Tahun ini menandai peringatan 15 tahun sejak Konvensi Munisi Curah diadopsi di Dublin, Irlandia. Perjanjian internasional melarang penggunaan, produksi, perolehan, pemindahan dan penimbunan munisi tandan dan mewajibkan pemusnahan timbunan tersebut.
Sebanyak 123 negara telah menandatangani atau meratifikasi konvensi tersebut.
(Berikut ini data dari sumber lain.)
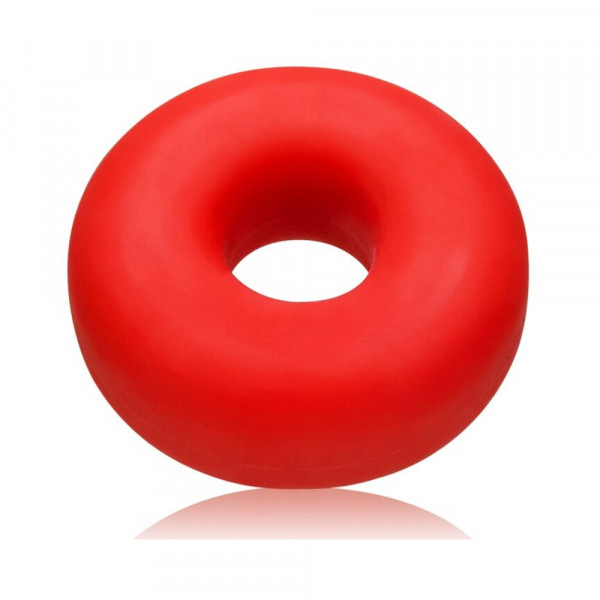 Oxballs Big Ox Cockring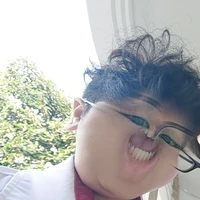 Nguyễn Ngọc Vinh Quang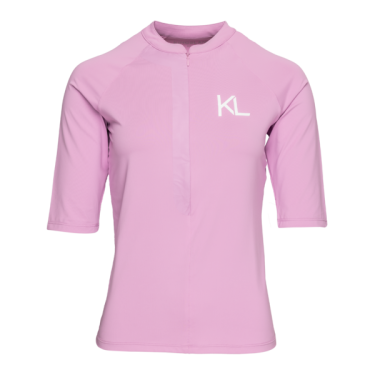 Dames trainingsshirt KLjomi Kingsland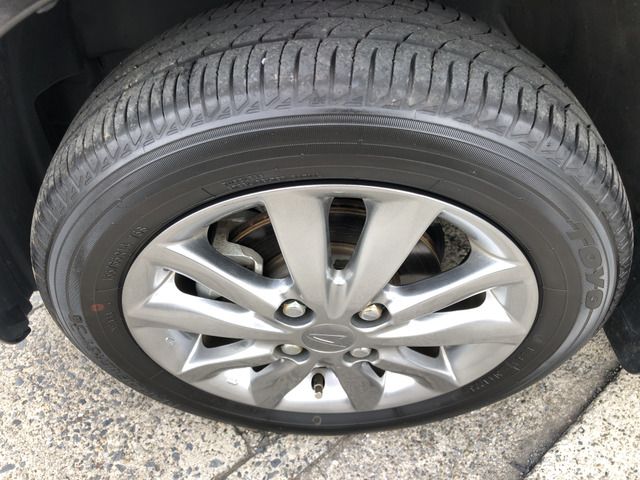 DAIHATSU TANTO 2023 Image 31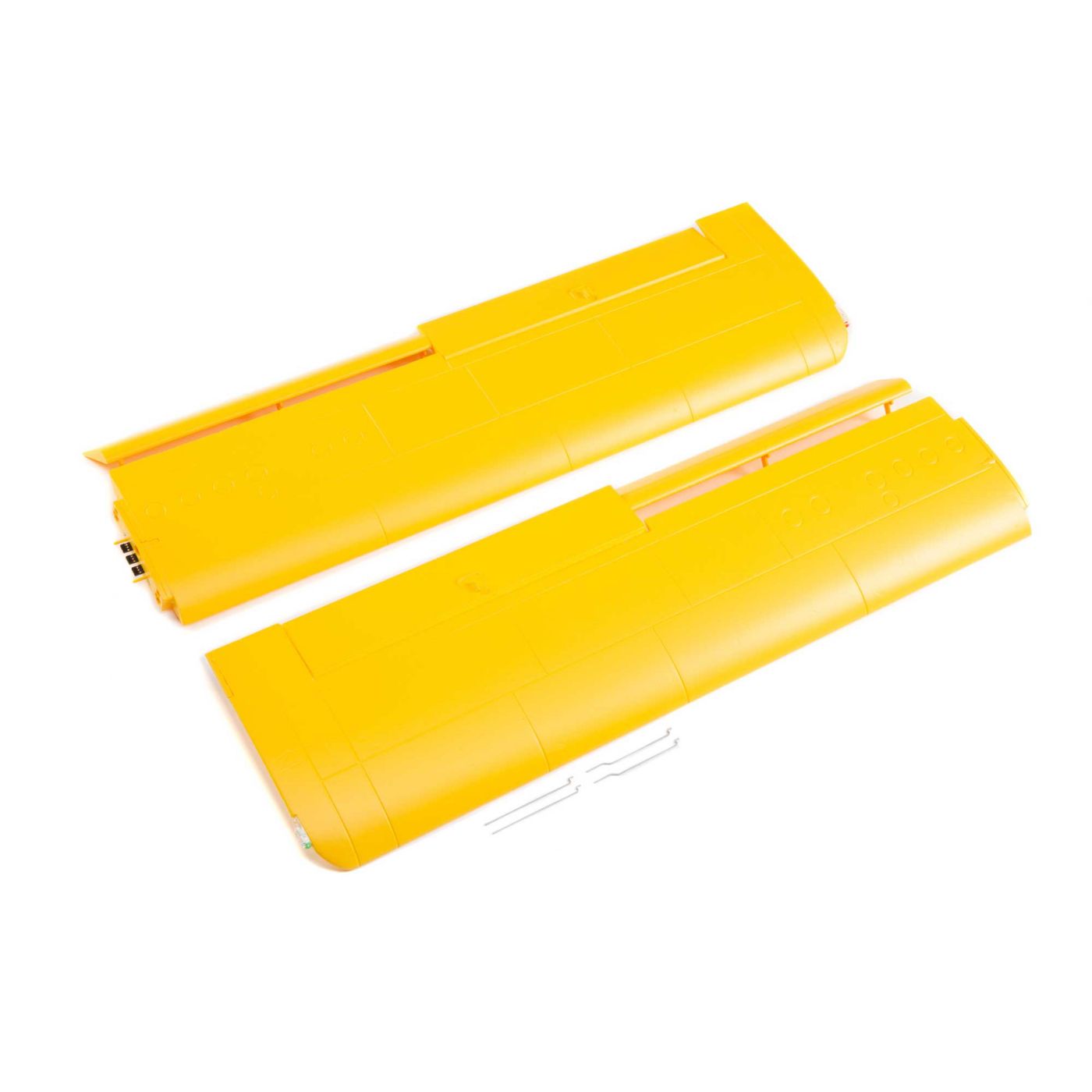 E-flite Wing set : Air Tractor EFL16452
AS bukan pihak dalam perjanjian tersebut.
Meskipun 99 persen persediaan submunisi dunia telah hancur sejak konvensi tersebut diadopsi, setidaknya 26 negara dan tiga wilayah lainnya masih terkontaminasi oleh submunisi yang tidak meledak, menurut laporan yang dirilis Agustus lalu oleh Koalisi Munisi Tandan, atau CMC. Setidaknya 149 korban baru sisa munisi tandan telah teridentifikasi pada tahun 2021.
Laos, Vietnam, Kamboja dan Irak termasuk di antara negara-negara yang paling terkena dampak sisa-sisa munisi tandan, menurut situs web CMC.
Para analis dan pejabat telah menyatakan keprihatinan atas konsekuensi jangka panjang dari bom curah karena tidak hanya akan memakan korban jiwa namun juga menghambat pembangunan di daerah yang terkena dampak.
Heng Kimkong, peneliti senior di Pusat Pembangunan Kamboja, mengatakan dia prihatin dengan konsekuensi jangka panjang dari penggunaan amunisi, sebagaimana dibuktikan oleh Kamboja pascaperang.
“Banyak warga Kamboja yang terluka atau terbunuh akibat sisa-sisa bom yang digunakan pada tahun 1970an,” kata Heng kepada China Daily.
Pada awal Juli, Perdana Menteri Kamboja, Hun Sen, menyatakan sikap negaranya terhadap penyebaran munisi tandan.
Merujuk pada berita AS memasok senjata tersebut ke Ukraina, Hun Sen menulis dalam sebuah postingan di media sosial: “Jika ini benar, ini akan menjadi tragedi bagi rakyat Ukraina selama puluhan tahun ke depan, atau ratusan tahun ke depan. , jika bom jenis ini digunakan di wilayah Ukraina yang diduduki Rusia.”
Hun Sen mengatakan Kamboja belum menemukan cara untuk menghancurkan semua bom curah, bahkan setelah lebih dari setengah abad sejak AS menjatuhkan bom curah pada awal tahun 1970an.
Negara-negara seperti Inggris, Kanada, Selandia Baru, Spanyol dan Jerman juga menyatakan ketidaksetujuannya terhadap penyebaran munisi tandan.